Democrats launched another push for campaign finance transparency on Thursday, aiming to combat the Supreme Court’s Citizens United ruling as Republicans outraise them on the campaign trail. Minority Leader Nancy Pelosi (D-Calif.) dedicated the bulk of her weekly press conference to the DISCLOSE Act — which would increase disclosure requirements for campaign contributions — and Senate Democrats held a press conference Thursday afternoon to plug the bill, which will go before the Senate next week. Rep. Chris Van Hollen (D-Md.), who joined Pelosi at the conference, said Democrats have filed a discharge petition for the bill in the House. “This is a House of Representatives that is pretending that it is one of the most open House of Representatives in recent times, and yet they have refused to even hold a hearing on the DISCLOSE Act,” Van Hollen said. Indeed, Democrats have been banging this drum for months to no avail, and there’s nothing to indicate their latest attempt will yield a different result.
Democrats repeatedly quoted long-ago statements by Republican senators expressing support for disclosure, saying the bill should garner bipartisan support this time around. But Republicans say the bill is too easy on unions, a claim Democrats vehemently refuted, saying they have invited Republicans to point out how that is the case and suggest a fix. A GOP aide said the bill would exempt unions through a “sleight of hand” because union dues are almost never high enough to reach the $10,000 minimum requirement for disclosure under the act.
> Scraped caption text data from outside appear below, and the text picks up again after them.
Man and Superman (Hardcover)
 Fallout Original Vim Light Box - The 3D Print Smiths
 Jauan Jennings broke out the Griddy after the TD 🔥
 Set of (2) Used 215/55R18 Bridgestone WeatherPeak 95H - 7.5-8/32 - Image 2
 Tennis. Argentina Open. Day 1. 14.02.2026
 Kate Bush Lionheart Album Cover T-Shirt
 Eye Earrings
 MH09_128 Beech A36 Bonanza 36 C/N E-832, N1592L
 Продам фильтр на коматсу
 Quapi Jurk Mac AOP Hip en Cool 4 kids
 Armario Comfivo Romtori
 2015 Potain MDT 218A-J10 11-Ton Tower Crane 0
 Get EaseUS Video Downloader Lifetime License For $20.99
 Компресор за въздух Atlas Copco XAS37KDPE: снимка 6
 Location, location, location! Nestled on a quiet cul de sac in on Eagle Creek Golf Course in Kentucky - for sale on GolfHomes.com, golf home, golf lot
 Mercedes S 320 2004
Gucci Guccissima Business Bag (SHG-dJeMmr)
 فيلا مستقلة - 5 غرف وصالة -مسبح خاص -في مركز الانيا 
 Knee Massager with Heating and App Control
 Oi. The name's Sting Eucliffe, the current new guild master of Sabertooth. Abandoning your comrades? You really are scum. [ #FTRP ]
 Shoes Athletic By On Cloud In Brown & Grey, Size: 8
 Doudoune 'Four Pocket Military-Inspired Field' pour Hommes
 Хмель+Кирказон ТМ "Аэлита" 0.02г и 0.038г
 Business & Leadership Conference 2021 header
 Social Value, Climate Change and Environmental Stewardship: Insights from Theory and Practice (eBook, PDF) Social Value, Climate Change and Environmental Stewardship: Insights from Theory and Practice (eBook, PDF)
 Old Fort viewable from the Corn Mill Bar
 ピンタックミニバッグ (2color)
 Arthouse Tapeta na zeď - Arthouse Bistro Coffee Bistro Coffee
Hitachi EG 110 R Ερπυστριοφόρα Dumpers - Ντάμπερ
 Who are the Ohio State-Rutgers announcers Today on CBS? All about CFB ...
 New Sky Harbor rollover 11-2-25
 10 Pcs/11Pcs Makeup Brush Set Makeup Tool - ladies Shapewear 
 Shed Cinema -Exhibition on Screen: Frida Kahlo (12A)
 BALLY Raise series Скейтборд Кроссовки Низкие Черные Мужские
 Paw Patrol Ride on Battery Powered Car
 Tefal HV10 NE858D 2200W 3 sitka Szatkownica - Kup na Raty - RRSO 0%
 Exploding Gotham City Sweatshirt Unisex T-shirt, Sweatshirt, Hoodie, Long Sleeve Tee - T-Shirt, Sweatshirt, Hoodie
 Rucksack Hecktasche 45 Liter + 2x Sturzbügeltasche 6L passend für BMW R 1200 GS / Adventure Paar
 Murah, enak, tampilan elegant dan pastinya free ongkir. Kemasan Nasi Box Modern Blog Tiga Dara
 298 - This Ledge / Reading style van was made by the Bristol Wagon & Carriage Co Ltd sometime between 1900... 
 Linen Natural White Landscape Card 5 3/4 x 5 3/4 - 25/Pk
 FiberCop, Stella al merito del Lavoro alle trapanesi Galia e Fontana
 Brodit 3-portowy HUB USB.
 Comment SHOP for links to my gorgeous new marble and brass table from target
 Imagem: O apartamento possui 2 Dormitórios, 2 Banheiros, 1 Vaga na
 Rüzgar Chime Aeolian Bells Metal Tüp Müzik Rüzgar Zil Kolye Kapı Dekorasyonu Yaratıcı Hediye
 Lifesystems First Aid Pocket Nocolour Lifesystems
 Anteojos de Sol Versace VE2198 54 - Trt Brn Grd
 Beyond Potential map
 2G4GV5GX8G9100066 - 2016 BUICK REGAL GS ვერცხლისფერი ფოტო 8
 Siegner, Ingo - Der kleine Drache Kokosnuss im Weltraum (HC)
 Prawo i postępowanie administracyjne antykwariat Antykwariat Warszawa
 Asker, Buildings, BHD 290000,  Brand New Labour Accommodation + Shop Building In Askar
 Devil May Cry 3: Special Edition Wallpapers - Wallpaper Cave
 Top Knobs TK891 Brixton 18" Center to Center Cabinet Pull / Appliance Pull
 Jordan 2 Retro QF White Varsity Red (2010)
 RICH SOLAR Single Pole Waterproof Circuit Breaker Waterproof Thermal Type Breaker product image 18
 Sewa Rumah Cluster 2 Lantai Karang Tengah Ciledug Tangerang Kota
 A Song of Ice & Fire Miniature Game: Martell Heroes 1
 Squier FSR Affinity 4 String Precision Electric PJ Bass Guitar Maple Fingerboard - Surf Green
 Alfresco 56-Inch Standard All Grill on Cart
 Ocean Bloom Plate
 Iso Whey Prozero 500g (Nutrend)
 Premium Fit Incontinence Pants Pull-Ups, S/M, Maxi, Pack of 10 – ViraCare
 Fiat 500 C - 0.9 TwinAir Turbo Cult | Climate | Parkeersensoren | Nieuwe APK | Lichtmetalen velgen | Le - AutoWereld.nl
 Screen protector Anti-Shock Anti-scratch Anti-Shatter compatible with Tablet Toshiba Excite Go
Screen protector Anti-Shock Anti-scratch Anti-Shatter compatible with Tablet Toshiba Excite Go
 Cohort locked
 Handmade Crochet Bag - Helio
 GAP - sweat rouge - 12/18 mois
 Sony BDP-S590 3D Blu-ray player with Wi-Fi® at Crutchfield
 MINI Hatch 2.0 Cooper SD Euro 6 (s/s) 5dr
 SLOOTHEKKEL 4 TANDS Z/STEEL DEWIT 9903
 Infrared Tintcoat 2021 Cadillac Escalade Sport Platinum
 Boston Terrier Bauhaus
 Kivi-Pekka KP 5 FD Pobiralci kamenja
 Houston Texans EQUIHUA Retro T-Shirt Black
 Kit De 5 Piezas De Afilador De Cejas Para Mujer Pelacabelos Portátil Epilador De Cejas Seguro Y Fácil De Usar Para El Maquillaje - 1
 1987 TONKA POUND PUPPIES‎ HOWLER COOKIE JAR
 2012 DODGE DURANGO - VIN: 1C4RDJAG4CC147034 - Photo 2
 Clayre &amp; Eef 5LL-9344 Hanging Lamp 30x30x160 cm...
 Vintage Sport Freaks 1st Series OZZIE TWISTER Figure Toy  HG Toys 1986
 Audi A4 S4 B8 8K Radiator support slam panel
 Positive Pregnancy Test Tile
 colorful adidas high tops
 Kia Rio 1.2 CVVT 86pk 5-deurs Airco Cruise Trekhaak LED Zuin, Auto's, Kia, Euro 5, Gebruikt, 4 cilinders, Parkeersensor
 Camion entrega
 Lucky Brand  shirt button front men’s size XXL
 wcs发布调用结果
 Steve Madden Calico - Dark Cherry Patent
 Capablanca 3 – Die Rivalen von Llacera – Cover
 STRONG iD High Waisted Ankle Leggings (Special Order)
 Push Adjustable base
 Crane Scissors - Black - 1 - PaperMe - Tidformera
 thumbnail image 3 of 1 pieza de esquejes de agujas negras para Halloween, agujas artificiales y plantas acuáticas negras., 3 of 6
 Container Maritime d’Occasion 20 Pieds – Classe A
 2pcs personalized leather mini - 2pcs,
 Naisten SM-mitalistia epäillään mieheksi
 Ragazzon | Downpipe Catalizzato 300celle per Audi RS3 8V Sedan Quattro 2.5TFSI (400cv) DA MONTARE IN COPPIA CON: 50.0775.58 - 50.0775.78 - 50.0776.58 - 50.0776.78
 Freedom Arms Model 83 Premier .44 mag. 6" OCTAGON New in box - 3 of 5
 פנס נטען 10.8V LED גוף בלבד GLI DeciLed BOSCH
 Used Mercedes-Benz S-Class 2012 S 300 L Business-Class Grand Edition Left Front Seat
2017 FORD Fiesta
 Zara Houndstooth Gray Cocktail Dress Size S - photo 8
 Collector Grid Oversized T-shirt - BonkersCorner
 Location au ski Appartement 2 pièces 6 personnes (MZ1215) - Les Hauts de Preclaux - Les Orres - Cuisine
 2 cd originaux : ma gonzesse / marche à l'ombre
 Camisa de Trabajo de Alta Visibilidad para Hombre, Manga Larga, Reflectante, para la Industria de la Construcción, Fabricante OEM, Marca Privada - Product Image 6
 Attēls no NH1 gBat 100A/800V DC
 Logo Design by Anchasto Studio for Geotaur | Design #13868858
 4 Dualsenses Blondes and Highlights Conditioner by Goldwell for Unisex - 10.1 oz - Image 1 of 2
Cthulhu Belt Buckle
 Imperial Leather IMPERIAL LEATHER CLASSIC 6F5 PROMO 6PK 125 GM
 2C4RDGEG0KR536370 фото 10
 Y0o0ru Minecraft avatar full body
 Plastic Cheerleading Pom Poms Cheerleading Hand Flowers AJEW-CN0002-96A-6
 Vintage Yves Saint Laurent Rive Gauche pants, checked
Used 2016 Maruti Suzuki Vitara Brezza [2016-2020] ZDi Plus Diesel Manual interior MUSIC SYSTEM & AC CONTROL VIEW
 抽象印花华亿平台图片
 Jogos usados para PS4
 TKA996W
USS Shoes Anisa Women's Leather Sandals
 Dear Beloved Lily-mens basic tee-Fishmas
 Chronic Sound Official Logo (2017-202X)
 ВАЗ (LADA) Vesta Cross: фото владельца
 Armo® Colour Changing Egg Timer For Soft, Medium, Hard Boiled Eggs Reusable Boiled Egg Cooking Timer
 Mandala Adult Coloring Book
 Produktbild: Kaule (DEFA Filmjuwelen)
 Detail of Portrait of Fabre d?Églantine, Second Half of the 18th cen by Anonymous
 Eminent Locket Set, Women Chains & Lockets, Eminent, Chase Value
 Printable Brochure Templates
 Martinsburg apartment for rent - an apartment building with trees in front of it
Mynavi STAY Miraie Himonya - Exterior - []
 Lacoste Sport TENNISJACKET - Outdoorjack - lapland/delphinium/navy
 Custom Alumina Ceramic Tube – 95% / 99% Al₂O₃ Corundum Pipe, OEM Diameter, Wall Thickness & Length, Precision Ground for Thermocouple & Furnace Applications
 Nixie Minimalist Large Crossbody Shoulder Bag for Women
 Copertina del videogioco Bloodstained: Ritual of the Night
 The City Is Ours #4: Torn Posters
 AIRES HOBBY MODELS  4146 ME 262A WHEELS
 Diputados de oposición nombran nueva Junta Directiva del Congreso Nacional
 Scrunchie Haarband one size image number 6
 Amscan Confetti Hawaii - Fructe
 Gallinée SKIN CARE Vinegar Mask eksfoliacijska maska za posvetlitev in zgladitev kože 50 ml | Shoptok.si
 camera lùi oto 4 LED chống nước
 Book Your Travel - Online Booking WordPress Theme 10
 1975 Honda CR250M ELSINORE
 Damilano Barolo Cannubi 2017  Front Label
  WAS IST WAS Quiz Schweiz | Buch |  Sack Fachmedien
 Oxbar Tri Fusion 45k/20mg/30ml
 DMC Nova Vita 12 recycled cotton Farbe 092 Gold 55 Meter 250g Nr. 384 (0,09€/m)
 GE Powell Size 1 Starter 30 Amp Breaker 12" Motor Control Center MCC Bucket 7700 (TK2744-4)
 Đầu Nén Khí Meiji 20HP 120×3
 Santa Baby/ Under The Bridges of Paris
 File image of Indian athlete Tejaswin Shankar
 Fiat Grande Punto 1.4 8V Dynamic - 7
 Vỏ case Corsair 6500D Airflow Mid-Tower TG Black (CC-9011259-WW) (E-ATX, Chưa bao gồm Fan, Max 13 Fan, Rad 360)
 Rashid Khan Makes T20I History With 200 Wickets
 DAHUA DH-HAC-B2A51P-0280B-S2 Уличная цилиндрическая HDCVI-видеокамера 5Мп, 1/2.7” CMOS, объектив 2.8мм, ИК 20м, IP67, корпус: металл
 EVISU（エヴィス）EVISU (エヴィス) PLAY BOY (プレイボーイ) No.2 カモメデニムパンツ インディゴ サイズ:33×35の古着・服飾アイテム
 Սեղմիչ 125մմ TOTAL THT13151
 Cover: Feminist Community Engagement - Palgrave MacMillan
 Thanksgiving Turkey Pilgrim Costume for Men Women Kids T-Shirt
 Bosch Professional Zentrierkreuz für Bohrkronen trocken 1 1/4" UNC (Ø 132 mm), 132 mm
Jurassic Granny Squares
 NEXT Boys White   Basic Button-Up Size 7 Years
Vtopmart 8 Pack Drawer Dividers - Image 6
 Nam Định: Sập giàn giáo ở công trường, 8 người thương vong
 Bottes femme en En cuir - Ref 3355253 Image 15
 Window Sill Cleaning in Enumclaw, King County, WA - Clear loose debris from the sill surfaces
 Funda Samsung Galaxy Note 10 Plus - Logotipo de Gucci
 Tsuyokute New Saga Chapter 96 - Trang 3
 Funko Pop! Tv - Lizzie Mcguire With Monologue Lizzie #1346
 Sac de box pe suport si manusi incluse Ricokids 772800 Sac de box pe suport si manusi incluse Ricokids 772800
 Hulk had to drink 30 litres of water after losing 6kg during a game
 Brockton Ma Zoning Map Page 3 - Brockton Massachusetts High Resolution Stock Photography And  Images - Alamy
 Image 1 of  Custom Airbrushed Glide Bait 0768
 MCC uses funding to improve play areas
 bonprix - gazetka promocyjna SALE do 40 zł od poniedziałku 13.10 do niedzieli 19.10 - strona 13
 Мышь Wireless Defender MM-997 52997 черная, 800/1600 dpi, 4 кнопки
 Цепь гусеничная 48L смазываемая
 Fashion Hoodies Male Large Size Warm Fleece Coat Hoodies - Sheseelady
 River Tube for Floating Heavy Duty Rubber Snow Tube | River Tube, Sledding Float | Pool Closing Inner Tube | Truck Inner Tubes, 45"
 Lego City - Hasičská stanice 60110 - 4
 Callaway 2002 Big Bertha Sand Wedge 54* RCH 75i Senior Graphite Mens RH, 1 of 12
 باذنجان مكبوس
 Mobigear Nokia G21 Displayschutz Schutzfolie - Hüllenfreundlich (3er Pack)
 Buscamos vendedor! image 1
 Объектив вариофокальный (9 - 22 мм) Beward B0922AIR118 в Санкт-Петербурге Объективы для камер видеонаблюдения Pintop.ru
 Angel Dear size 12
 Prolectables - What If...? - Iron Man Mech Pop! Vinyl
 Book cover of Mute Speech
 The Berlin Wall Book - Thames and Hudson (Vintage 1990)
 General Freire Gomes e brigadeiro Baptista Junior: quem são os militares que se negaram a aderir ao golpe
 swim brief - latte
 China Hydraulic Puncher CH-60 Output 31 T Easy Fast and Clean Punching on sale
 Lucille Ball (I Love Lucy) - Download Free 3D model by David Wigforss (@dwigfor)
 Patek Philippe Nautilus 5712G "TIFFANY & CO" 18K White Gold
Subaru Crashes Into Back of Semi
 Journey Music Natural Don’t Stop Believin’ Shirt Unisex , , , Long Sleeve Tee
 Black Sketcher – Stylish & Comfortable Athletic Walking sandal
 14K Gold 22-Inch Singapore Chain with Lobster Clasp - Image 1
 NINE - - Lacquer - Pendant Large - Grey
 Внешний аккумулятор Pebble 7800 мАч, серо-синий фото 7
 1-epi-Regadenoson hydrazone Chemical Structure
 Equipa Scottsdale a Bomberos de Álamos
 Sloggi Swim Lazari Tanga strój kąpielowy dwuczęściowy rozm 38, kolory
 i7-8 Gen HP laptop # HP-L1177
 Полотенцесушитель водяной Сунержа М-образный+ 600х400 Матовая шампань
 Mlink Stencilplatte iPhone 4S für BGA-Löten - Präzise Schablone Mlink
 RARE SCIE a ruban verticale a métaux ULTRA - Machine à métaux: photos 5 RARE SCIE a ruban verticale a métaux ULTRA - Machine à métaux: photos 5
Pelosi refuted the idea that the push for disclosures was motivated by the fact that Republican are leading Democrats in fundraising. “Even if we could out-raise them, everybody should disclose,” she said, adding that “anti-government ideologues” are funding many GOP campaigns. Romney’s campaign and his supporting funds raised more than $100 million in June, a single-month record for any GOP campaign.